His father, Mr Lal Bahadur Ghising, is a national of Nepal, who was born on 23 November 1950. He enlisted in the Brigade of Gurkhas on 23 November 1968, serving in The Queen's Gurkha Engineers. He was posted to Singapore, Hong Kong, the UK, Brunei and Belize.
Mr L. Ghising was discharged on 6 February 1992, after 23 years service, on completion of his engagement. His rank on discharge was Warrant Officer Class 1. Mr L. Ghising's evidence was that he had served Britain with dedication and loyalty. His commanding officer assessed his military conduct as ‘Exemplary’ and described him as ‘extremely competent’ and ‘extremely hardworking, honest and loyal’.
Mr L. Ghising's evidence, which was not challenged by the Respondent, was that he wished to settle in the UK soon after his discharge, but he was not permitted to do so, because at that time Gurkhas who had served in the British Army were not given the same rights to apply for settlement as other foreign and Commonwealth nationals serving in the British Armed Forces. If he had been permitted to settle in the UK in 1991, he would have been accompanied by his wife, his daughter, and the Appellant, who would have been 6 years old. It was accepted by the Respondent that, if the Appellant had accompanied his father to the UK whilst he was still a minor, he would have been given Indefinite Leave to Remain (‘ILR’).

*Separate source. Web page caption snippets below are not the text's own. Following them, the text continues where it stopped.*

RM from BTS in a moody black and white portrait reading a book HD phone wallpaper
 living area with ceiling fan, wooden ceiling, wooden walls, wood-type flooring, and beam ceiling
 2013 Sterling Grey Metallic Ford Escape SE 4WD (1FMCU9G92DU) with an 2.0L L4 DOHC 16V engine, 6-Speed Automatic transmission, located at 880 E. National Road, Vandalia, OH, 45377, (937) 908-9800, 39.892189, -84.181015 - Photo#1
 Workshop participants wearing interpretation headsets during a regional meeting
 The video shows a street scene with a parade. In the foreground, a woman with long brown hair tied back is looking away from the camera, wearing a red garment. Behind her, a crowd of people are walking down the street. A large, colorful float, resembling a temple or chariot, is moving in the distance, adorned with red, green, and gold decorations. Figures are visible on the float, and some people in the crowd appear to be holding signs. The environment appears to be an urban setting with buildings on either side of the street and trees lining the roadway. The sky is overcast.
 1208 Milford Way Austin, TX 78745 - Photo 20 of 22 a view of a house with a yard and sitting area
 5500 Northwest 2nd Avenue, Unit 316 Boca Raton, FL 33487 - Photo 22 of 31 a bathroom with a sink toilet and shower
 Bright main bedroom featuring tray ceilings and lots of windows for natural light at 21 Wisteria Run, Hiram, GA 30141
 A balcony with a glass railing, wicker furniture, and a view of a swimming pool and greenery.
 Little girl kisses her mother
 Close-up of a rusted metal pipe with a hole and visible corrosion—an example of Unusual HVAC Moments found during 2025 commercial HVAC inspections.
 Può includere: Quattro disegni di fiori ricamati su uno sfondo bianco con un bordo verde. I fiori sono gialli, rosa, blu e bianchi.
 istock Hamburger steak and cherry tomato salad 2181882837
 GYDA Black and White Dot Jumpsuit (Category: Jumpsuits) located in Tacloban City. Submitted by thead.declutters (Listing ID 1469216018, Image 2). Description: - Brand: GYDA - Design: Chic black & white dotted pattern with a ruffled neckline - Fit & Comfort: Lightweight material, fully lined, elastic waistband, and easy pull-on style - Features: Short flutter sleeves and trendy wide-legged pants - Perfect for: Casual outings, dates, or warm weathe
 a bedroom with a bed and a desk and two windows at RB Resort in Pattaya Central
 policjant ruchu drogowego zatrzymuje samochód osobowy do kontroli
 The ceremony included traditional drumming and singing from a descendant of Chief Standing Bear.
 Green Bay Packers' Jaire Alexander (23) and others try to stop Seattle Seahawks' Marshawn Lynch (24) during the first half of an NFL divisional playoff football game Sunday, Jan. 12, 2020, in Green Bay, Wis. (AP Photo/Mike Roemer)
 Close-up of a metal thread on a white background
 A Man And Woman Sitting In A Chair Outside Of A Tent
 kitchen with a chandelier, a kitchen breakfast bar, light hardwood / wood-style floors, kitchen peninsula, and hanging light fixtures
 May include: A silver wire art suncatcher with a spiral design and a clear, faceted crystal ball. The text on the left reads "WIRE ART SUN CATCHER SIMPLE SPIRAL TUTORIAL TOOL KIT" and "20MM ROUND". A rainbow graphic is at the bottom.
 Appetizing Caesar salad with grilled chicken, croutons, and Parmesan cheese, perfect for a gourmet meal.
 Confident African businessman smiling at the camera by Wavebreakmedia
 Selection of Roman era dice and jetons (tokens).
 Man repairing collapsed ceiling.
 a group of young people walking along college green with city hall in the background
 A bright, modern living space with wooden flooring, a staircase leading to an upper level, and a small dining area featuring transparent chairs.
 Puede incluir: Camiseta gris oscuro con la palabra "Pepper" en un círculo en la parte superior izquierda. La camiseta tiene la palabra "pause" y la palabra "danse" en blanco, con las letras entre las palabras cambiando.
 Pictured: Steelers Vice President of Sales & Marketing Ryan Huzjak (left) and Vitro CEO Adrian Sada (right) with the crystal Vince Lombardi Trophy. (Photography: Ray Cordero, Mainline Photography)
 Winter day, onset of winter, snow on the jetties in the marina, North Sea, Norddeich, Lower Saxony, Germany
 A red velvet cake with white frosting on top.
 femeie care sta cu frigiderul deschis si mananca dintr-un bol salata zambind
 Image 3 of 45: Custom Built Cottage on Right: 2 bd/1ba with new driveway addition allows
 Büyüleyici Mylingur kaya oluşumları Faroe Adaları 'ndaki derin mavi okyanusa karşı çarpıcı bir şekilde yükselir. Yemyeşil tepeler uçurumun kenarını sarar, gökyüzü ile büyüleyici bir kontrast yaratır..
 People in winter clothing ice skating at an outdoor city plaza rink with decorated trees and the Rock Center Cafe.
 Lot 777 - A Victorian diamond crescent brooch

From 2004 onwards, the British Government began to revise its stance towards Gurkha veterans. It was only in 2009 that Mr L. Ghising became eligible to apply for entry. He did so, and was granted indefinite leave to enter the UK on 4 August 2009. His wife was granted indefinite leave to enter the UK on 16 September 2009. They arrived in the UK on 25 September 2009.
In the meantime, in 2007, the Appellant came to the UK from Nepal to study. He entered the UK on 14 January 2007 and was given leave to enter as a student until 31 December 2010. He has now completed two courses in Business Management at colleges in London. In January 2012, he enrolled on an MBA course at the University of East London which concludes in June 2013. If his parents had not settled in the UK, it is likely that, on completion of his studies, he would have returned to Nepal to live with his parents, as his sister did.
The Appellant has always been financially dependant upon his parents. His father pays his tuition fees and supports him.
Mr L. Ghising is self-employed, and owns a manpower consultancy business, which is now wholly based in the UK. He no longer has...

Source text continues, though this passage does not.